Colocó al hombre de pie al centro del cuarto, lo rodeó con un círculo de velas encendidas, le echó unos polvos blancos en la cabeza, al tiempo que recitaba una letanía en lengua desconocida, enseguida untó la zona afectada con algo que Gregory no pudo ver, pero sin duda era de gran efectividad, porque a los pocos segundos el infeliz daba saltos de mono y gritaba a todo pulmón.

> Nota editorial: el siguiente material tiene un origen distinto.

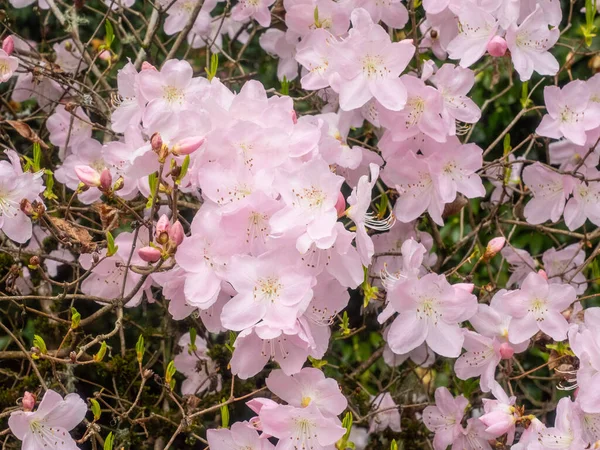 Rhododendron Schlippenbachii Una Especie Rododendro Península Corea Arbusto Sotobosque Dominante —  Fotos de Stock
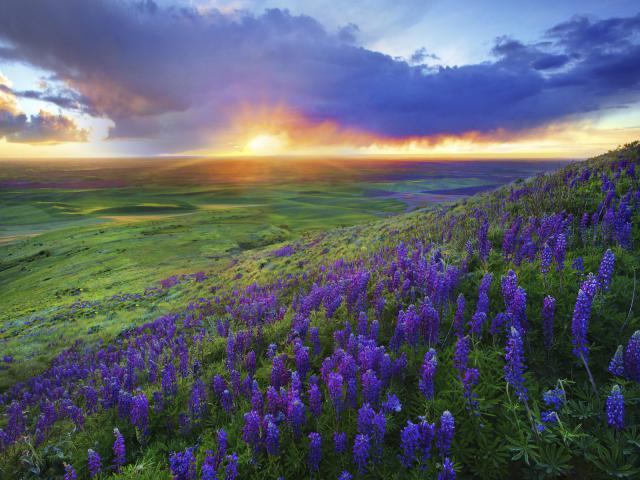 Steptoe Butte, Palouse Hills, Washington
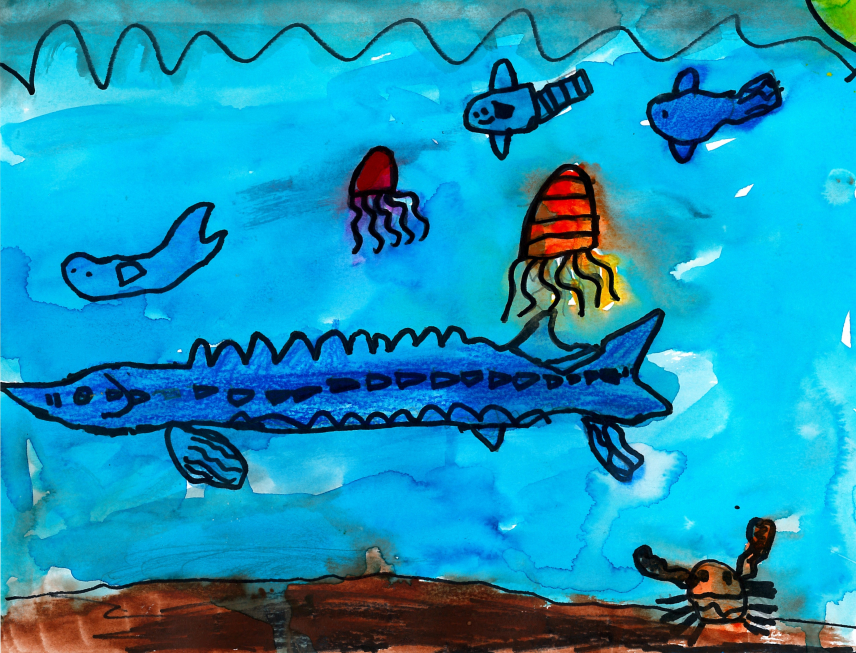 Rowan M., Grade 1. Marine Endangered Species Art Contest 2018.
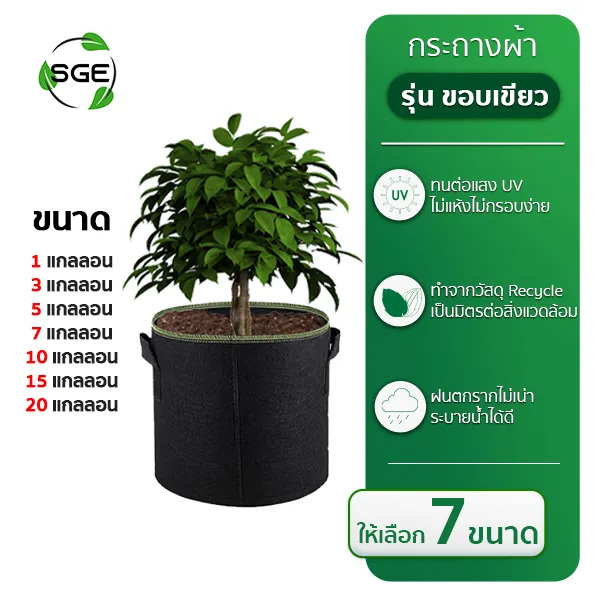 กระถางผ้าปลูกต้นไม้ - Spring Green Evolution กระถางผ้าปลูกต้นไม้ - Spring Green Evolution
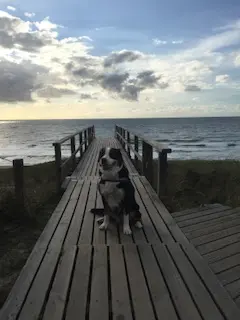 Condolence image of Heike 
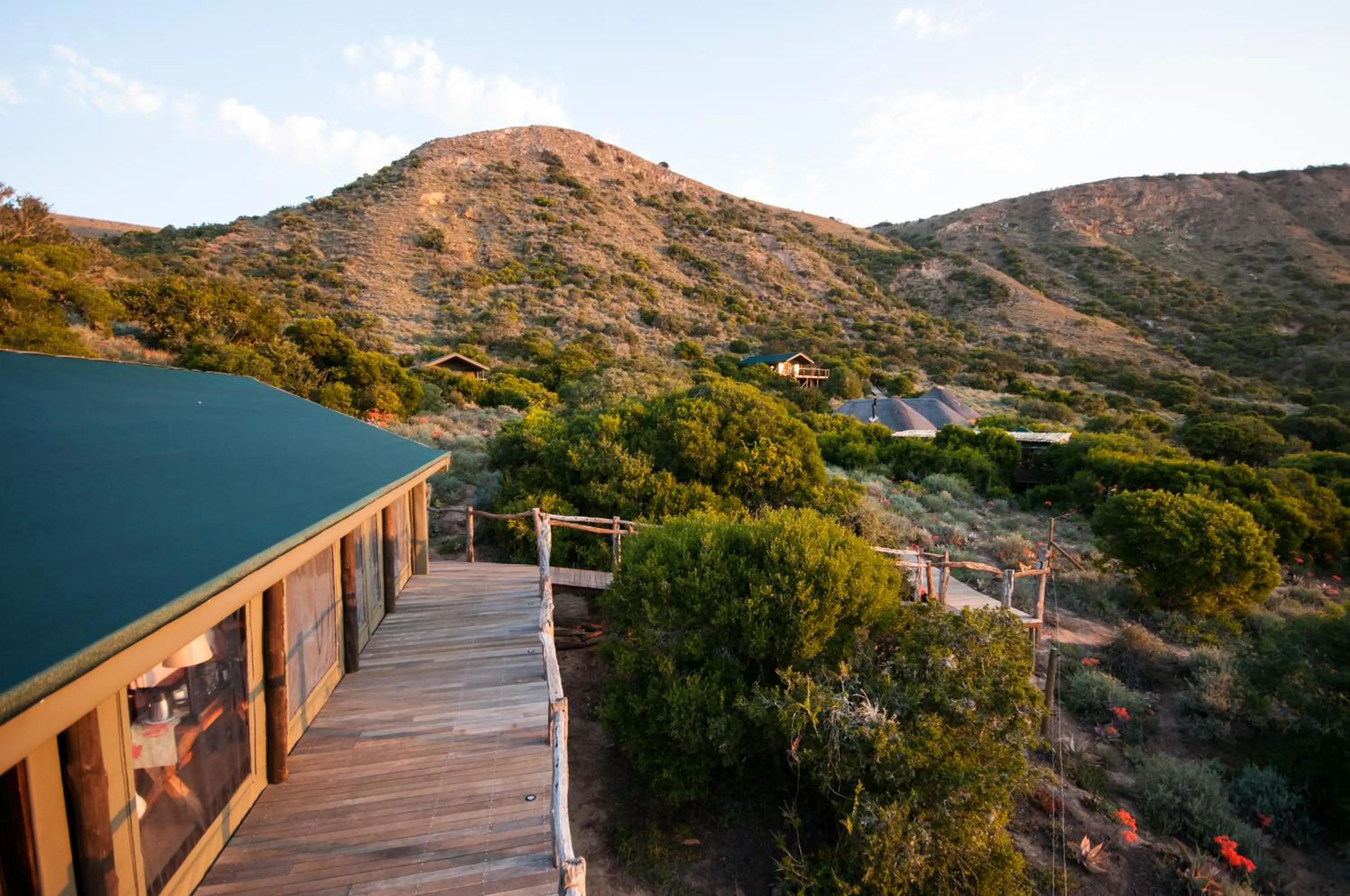 Bird's eye view in HillsNek Safari Camp – Amakhala Game Reserve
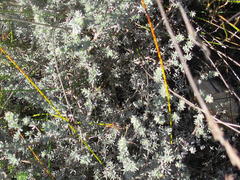 Aspalathus digitifolia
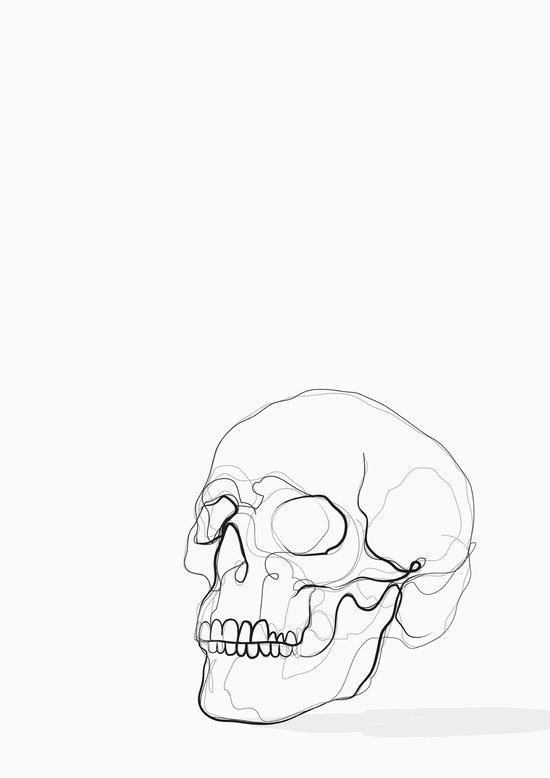 Line Drawing Skulls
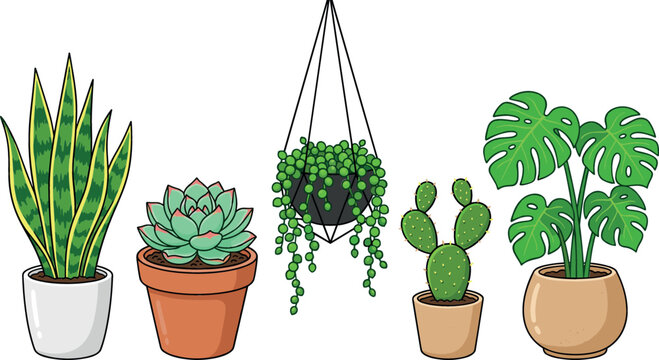 Potted houseplant vector illustration set with snake plant succulent hanging string of pearls cactus and monstera on white background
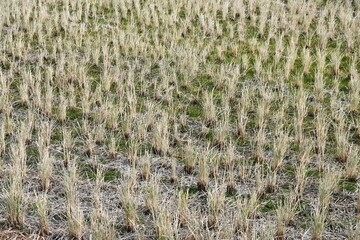 A view of a rice field in winter with rice stalks still standing. Agriculture-related background material.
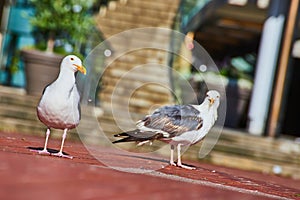 Scruffy seagull gives judgmental look at camera while other seagull stares with contempt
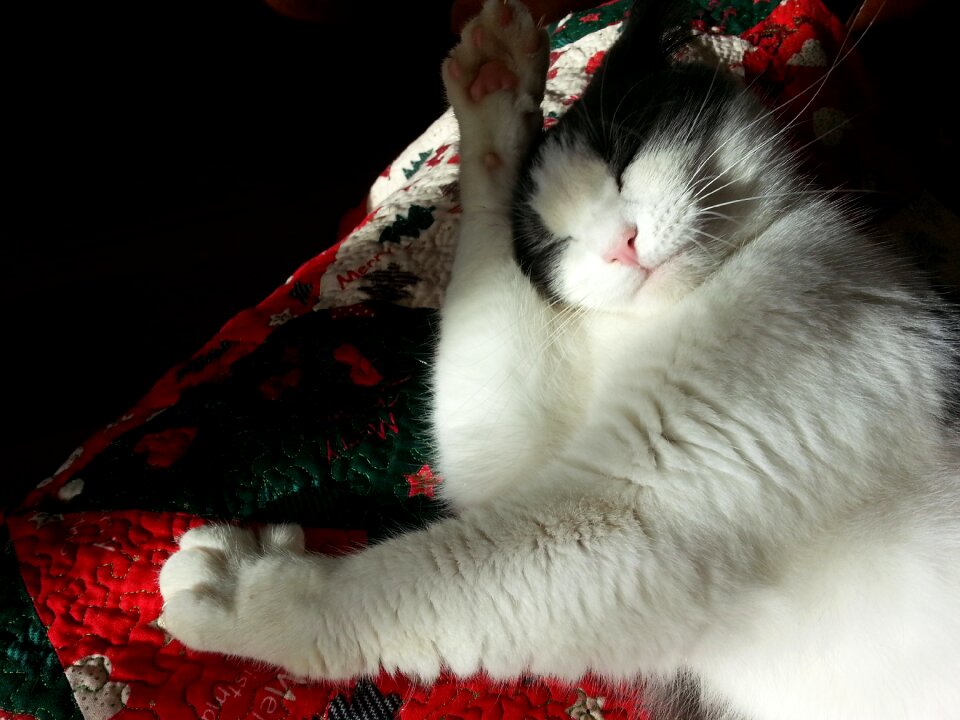 Pet animal domestic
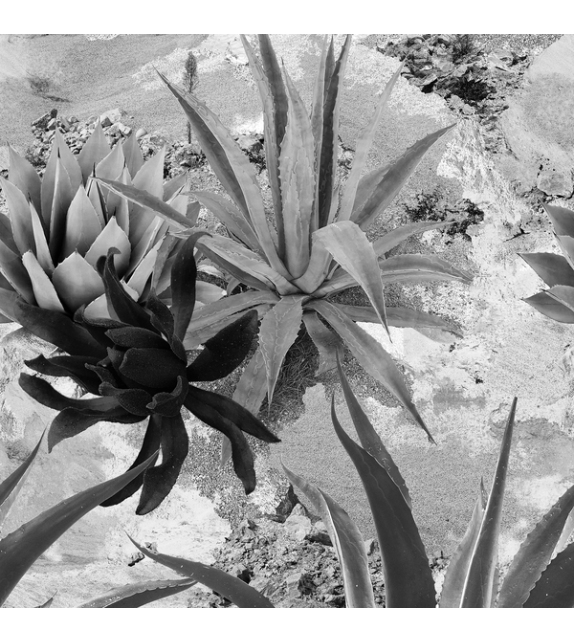 Desert Flowers Wall&Decò Tapete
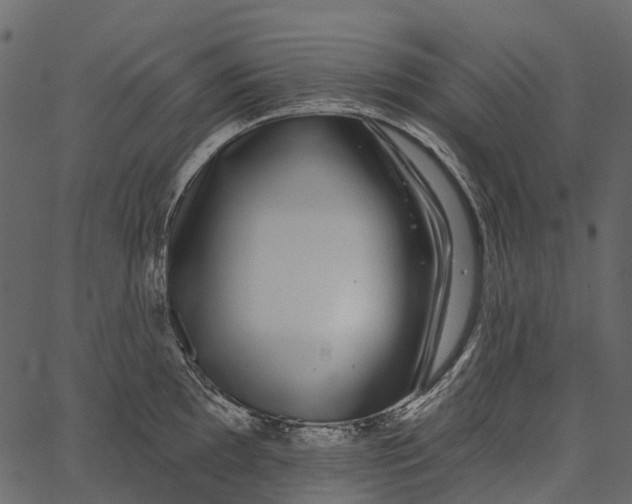 X0000062641097200601111119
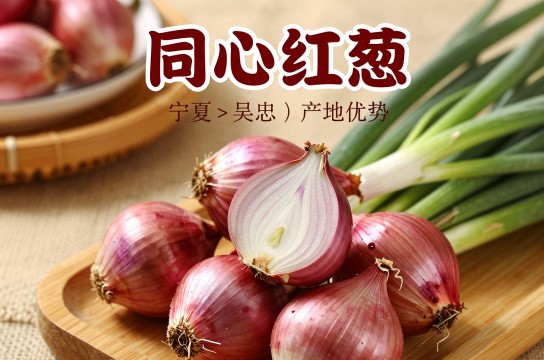 同心红葱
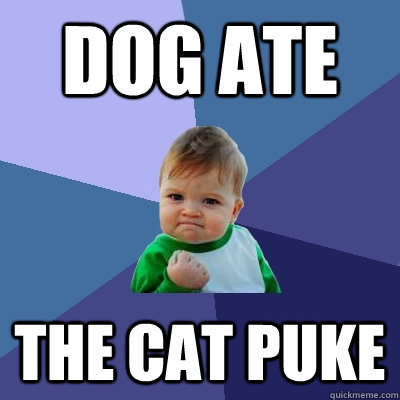 Dog Ate The cat puke  Success Kid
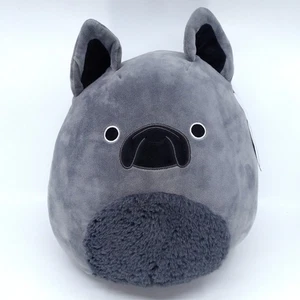 Squishmallows Regz die Französische Bulldogge Stofftier Plüschtier 12 Zoll selten mit Etikett - Bild 1 von 14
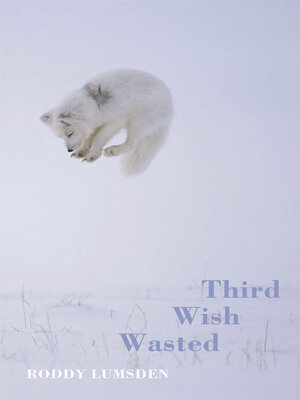 cover image of Third Wish Wasted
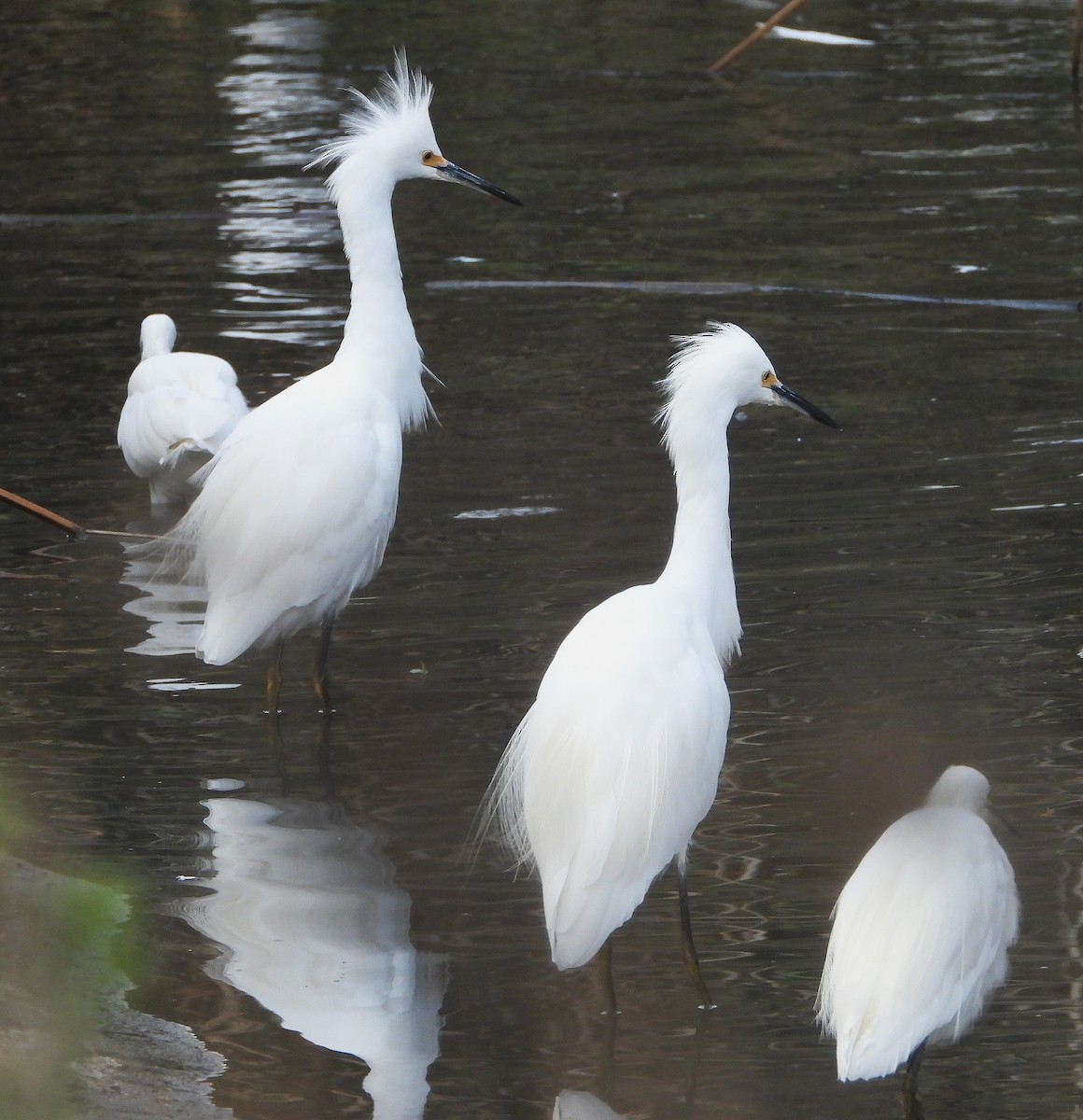 Snowy Egret - ML642232627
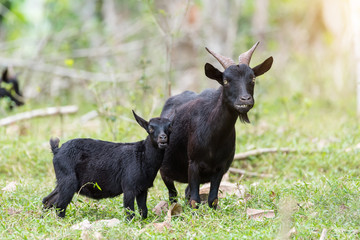black goat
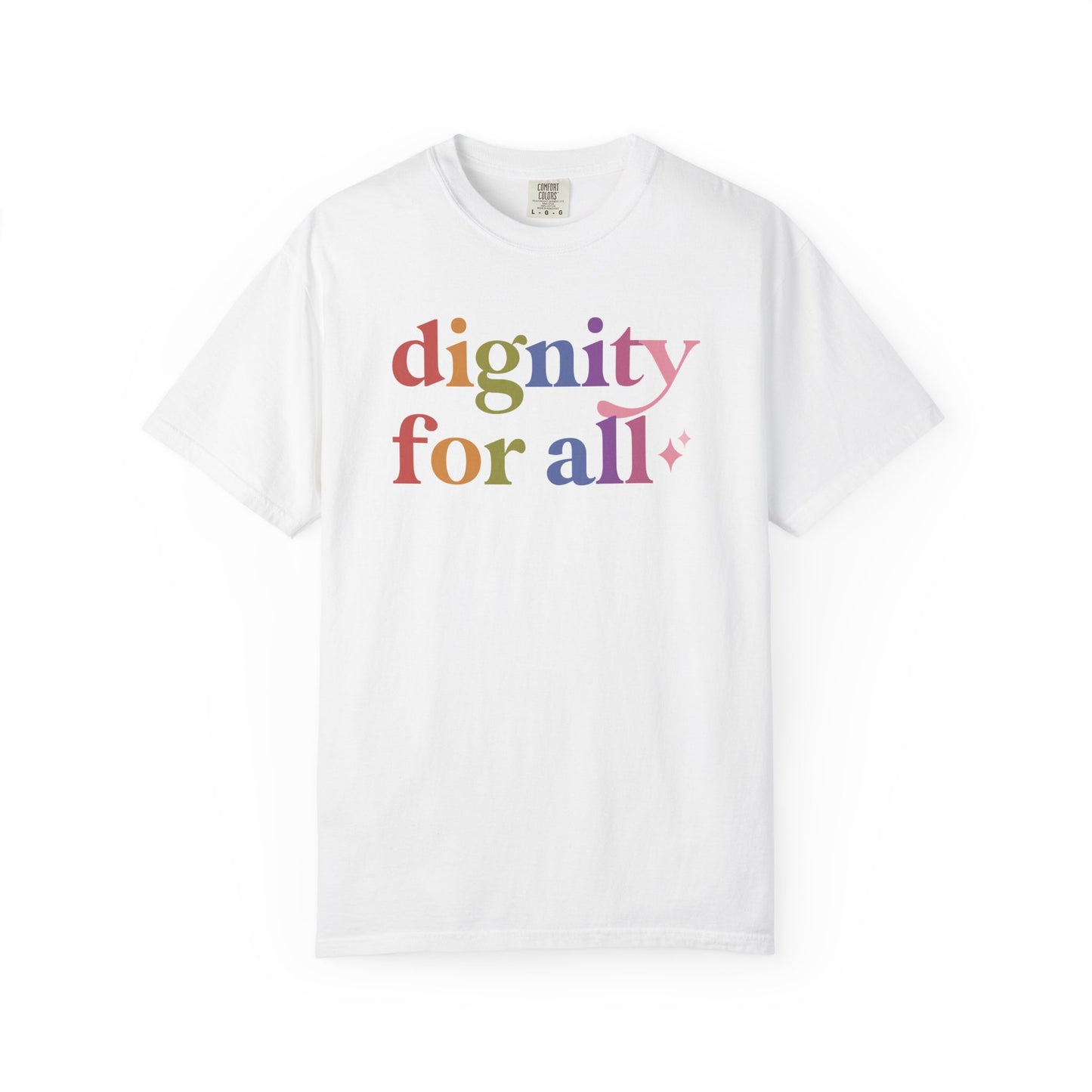 Dignity for All Care & Resist rainbow Comfort Colors tee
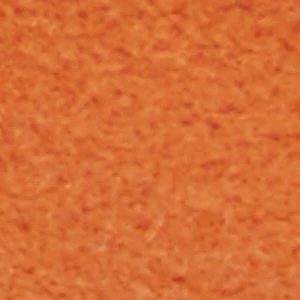Skipp - Image 7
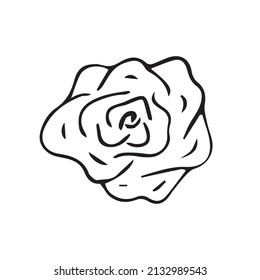 Vector hand drawn doodle sketch rose flower isolated on white background
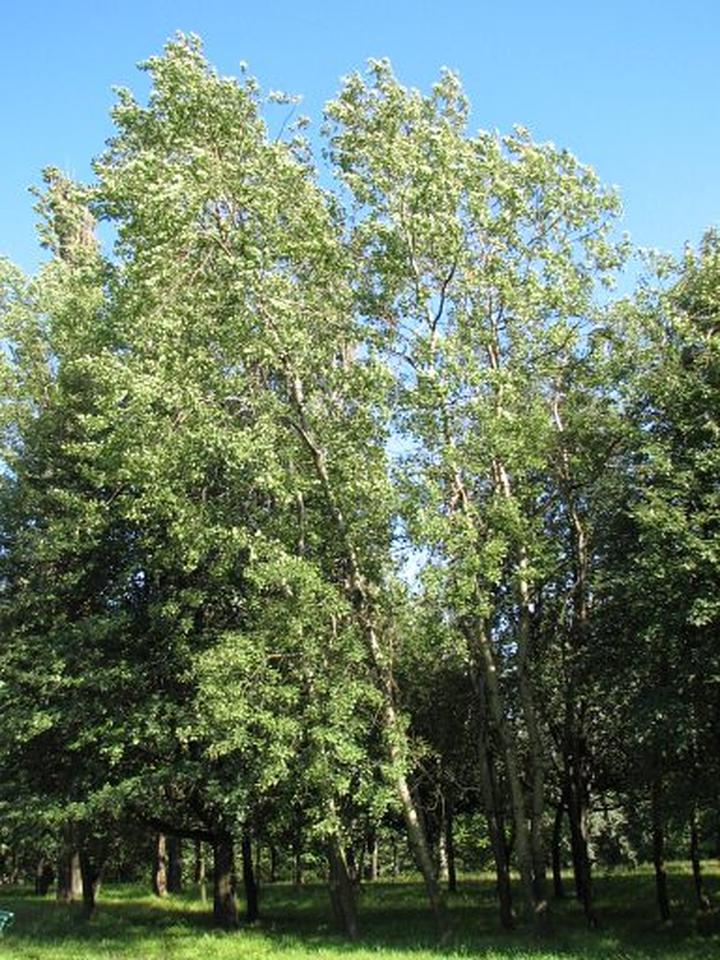 Różnice i identyfikacja osiki i topoli drżącej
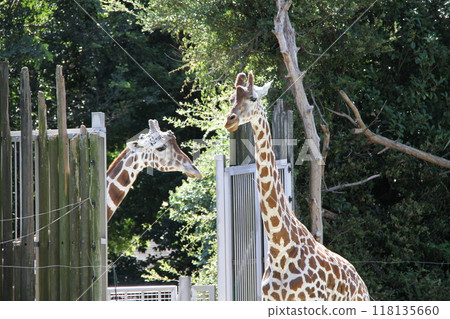 Summer at Osaka Tennoji Zoo 118135660
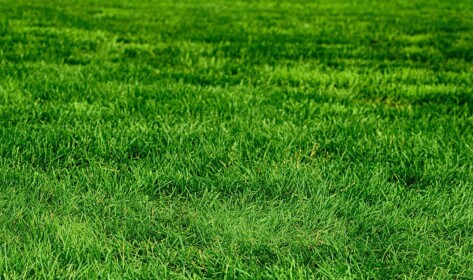 Grass Simulator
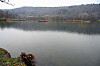 Des écrevisses de Louisiane ont colonisé le lac d’Echternach aux dépens des espèces locales. (Photos Hervé Montaigu)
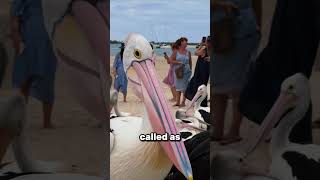 dont look back if you see this birds 🫣 shorts funnyvideo [upl. by Blount626]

— No se me salga del circulo–indicó Olga mientras esperaba calmadamente a que se le pasara la picazón.
— ¡Ay qué chingadera, madrecita! Esto es peor que salsa de chile piquín… — gimió el paciente cuando recuperó la respiración. — Si no duele no cura–determinó ella, conocedora de los beneficios del castigo para quitar la culpa, lavar la conciencia y aliviar las enfermedades nerviosas-. Ahora le voy a poner algo fresquecito y lo pintó a brochazos con tintura azul de metileno, luego le ató una cinta rosada y le ordenó regresar a la semana siguiente sin quitarse la cinta por ningún motivo y echarse la tintura todas las mañanas. — Pero cómo voy a… bueno, usted me entiende, con ese lazo ahí… — Tendrá que portarse como un santo no más. Esto le pasó por andar de picaflor ¿por qué no se conforma con su esposa? Esa pobre mujer tiene ganado el cielo, usted no la merece–y con esa última recomendación de buena conducta lo despachó.